До встречи с Константином Наумовичем у меня был еще один «грузинский роман».

…Он появился в дверях ресторана, где мы обедали с Лилей Сухаревской. Тонкий, как хлыст, злой, бешеный, неукротимый и неизъяснимо прекрасный.

— Не смотри, не смотри на него, — отчаянно шептала мне Лиля, — не то опять влюбишься.

Но было уже поздно. Я подняла глаза: «И загадочных древних ликов на меня поглядели очи». Прекрасные синие, невозможно синие глаза властно устремили на меня свой взор, и я, как лунатик, поплелась за ним на край света. «Край света» находился в запыленном номере гостиницы, где он запер меня на ключ, а сам исчез, казалось, навеки.

— Где ты был так долго? — спросила я робко, когда он наконец появился, и получила увесистую затрещину.

«Как хорошо, — подумала я, — я буду его тенью, рабой, травинкой, а он моим господином».

Между тем мой повелитель вновь и вновь исчезал,

а я, Лидия Смирнова, та, о которой говорили, что ее энергия айсберг растопит, покорно и безропотно его ждала.
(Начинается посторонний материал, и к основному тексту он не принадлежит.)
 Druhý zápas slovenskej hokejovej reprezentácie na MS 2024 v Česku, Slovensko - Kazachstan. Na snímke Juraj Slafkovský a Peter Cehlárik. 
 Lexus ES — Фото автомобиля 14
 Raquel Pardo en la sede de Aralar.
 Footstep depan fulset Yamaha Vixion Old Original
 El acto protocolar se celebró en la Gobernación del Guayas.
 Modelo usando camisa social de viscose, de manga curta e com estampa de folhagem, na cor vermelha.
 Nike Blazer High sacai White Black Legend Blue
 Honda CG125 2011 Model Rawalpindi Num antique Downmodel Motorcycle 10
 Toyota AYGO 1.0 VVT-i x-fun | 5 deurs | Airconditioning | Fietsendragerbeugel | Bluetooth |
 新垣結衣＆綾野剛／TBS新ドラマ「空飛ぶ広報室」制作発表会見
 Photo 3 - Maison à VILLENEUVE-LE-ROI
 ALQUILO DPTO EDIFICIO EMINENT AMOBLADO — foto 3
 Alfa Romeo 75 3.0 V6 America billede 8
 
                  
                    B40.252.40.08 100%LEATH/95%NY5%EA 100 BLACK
И чтобы уж совсем не скучать, переписывала протоколы партийных собраний, продолжая в душе разыгрывать свой сериал рабыни Изауры. Ах, если бы еще уснул и мой трезвый, насмешливый ум! А он однажды шепнул мне на ушко: «А не затянулся ли спектакль? И где же все-таки пропадает твой хозяин?»

Вскоре я все узнала. Его бешеная любовь ко мне была лишь отблеском его подлинной, настоящей страсти. Он был игрок. Безумный, безоглядный, беспощадный. Сначала он проиграл все свои деньги, потом принялся за мои… Не думаю, что наш разрыв был для него большой трагедией.

Хотя коротким наш роман не назовешь: я приезжала к нему в Тбилиси несколько раз, да и он наезжал в Москву неоднократно.

Пора, пора, закрыть наконец страницу той, довоиновской поры…

Но возвращусь к Роому. Абрам Матвеевич очень одержим был на съемках. Он смотрел в аппарат и, прежде чем отдать команду, почему-то убегал в другой конец павильона и кричал:

— Мотогг! (Он сильно картавил.)

При этом был невероятно напряжен и, казалось, всем своим существом участвовал в том действии, которое происходит в кадре. Он был необыкновенно увлечен работой.

Мы снимались в «Серебристой пыли» на Ялтинской киностудии, оператором был Тиссе, обаятельный, очень талантливый человек. Мы жили с Заноней — актрисой, которая играла негритянку. Рано утром к нам в дверь или в окно стучал Абрам Матвеевич:

— Вставать пога, вставать.

Сам он вставал раньше всех. Он был один, без Жизневой, но всегда о ней говорил. Я помню, как мы с ним обедали в перерыве между съемками и он ел только суп. Я удивилась:

— А почему вы, Абрам Матвеевич, не едите второе?

— Ну зачем? Мне и пегвого вполне достаточно. Я лучше на эти деньги куплю что-нибудь Оле.

Он ее любил самозабвенно. Когда мы подружились с Ольгой Андреевной, я спросила ее, почему она, такая красавица — лучшие кавалеры были у ее ног, — предпочла Абрама Матвеевича, щупленького, невзрачного.

— Дело не в красоте. Он лучше всех, и потом — «любовь зла, полюбишь и козла».

И главное — Абрам Матвеевич был очень талантлив и в свое время очень знаменит. У него были свои принципиальные позиции. Он считал, что актриса, звезда, кумир толпы, не должна менять своего вида, не говоря уже об амплуа. Надо дорожить любовью зрителя.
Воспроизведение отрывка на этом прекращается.